How do I take the discrete derivative of Cosine, and show that it still equals -Sine?

Question

This is really stumping me. I have a signal that is being modulated at frequency $f$, and is sampled every $\Delta t$ seconds for $N$ samples. I'll index these samples with $k$.

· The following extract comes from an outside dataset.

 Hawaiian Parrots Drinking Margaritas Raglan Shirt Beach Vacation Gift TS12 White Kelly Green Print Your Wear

The signal is $S(k\Delta t) = -A \cos(2 \pi f k \Delta t)$

The derivative of this is approximately: $S'(k \Delta t) = \frac{S((k+1) \Delta t) - S(k \Delta t)}{\Delta t} = -\frac{A}{\Delta t}(\cos(2 \pi f (k+1) \Delta t)-\cos(2 \pi f k \Delta t))$

By writing these out in complex exponential form, I can rewrite this as:

$S'(k \Delta t) = -\frac{A}{2 \Delta t}(e^{2\pi i f \Delta t}+1)\cos(2 \pi f k \Delta t)$.

However, I know that the derivative of a cosine should be a negative sine! Probably:

$S'(k \Delta t) = 2\pi f \Delta t A \sin(2 \pi f k \Delta t)$.

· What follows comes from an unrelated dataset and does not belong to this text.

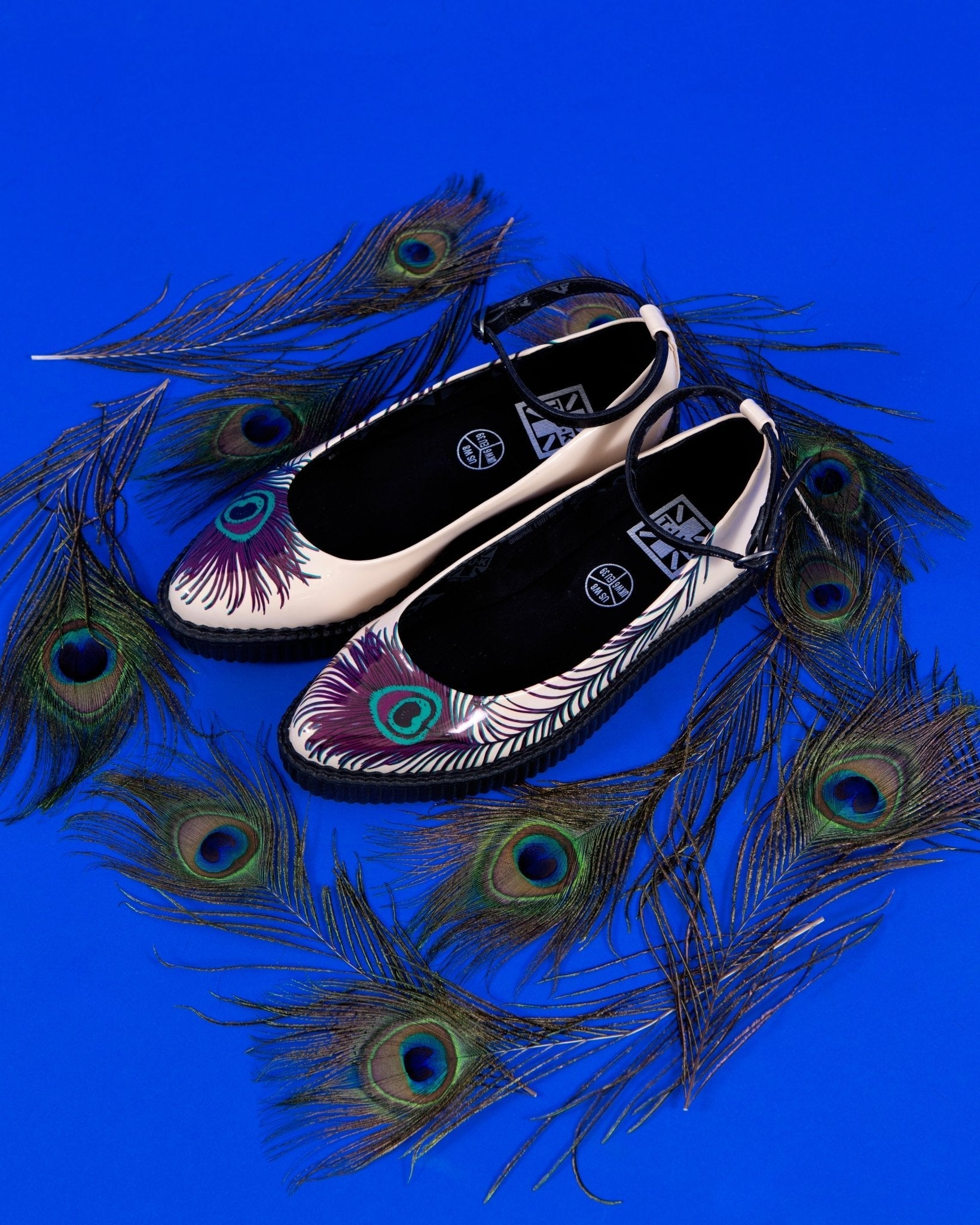 A3396L Cream Peacock Feather Ballet Creeper Cream T.U.K. Shoes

How on earth do I show that these last two lines are approximately equal? Thank you very much for your help!

Answer 1

Just copy the proof of the derivative for cosine, and replace the limits with approximations. I assume $f$ and $A$ are constant frequency/amplitude.

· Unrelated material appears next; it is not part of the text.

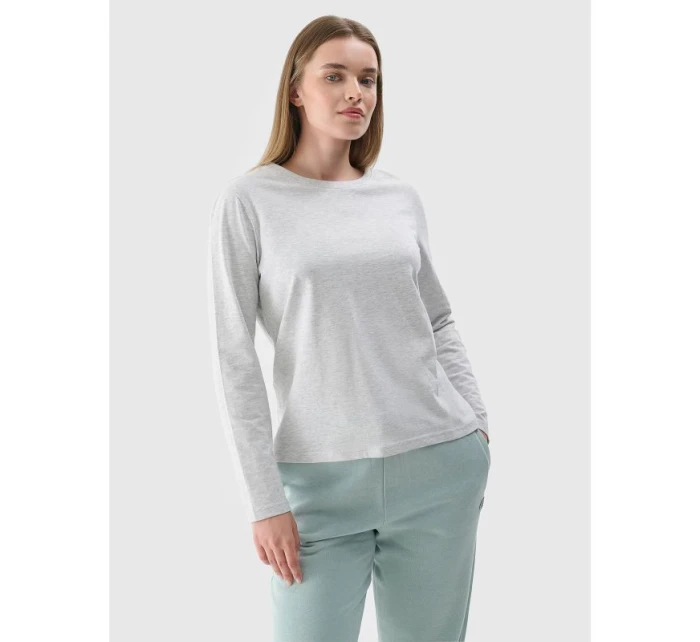 Dámské oversize hladké tričko s dlouhým rukávem model 21432182 - 4F Dámské oversize hladké tričko s dlouhým rukávem model 21432182 - 4F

$$-\frac{A}{\Delta t}(\cos(2 \pi f (k+1) \Delta t)-\cos(2 \pi f k \Delta t))$$

Since $\cos(\alpha+\beta) = \cos \alpha \cos \beta – \sin \alpha \sin \beta$, that becomes ($\alpha = 2 \pi f k \Delta t, \beta = 2 \pi f \Delta t$):

$$-\frac{A}{\Delta t}(\cos(2 \pi f k \Delta t)\cos(2 \pi f \Delta t) - \sin(2 \pi f k \Delta t)\sin(2 \pi f \Delta t)-\cos(2 \pi f k \Delta t)) = -A\left(\cos(2 \pi f k \Delta t)\frac{\cos(2 \pi f \Delta t) - 1}{\Delta t} - \sin(2 \pi f k \Delta t)\frac{\sin(2 \pi f \Delta t)}{\Delta t}\right)$$

As of yet, we've only used algebra on the discrete derivative. At this point, we use the following approximations, based on well-known limits that can be found in the same trig identity wiki article:

$$\frac{\cos(2 \pi f \Delta t) - 1}{2 \pi f\Delta t} \approx 0 \qquad \frac{\sin(2 \pi f \Delta t)}{2 \pi f\Delta t} \approx 1$$

Therefore, the above equation can be approximated as:

$$A2 \pi f \sin(2 \pi f k \Delta t)$$

As required.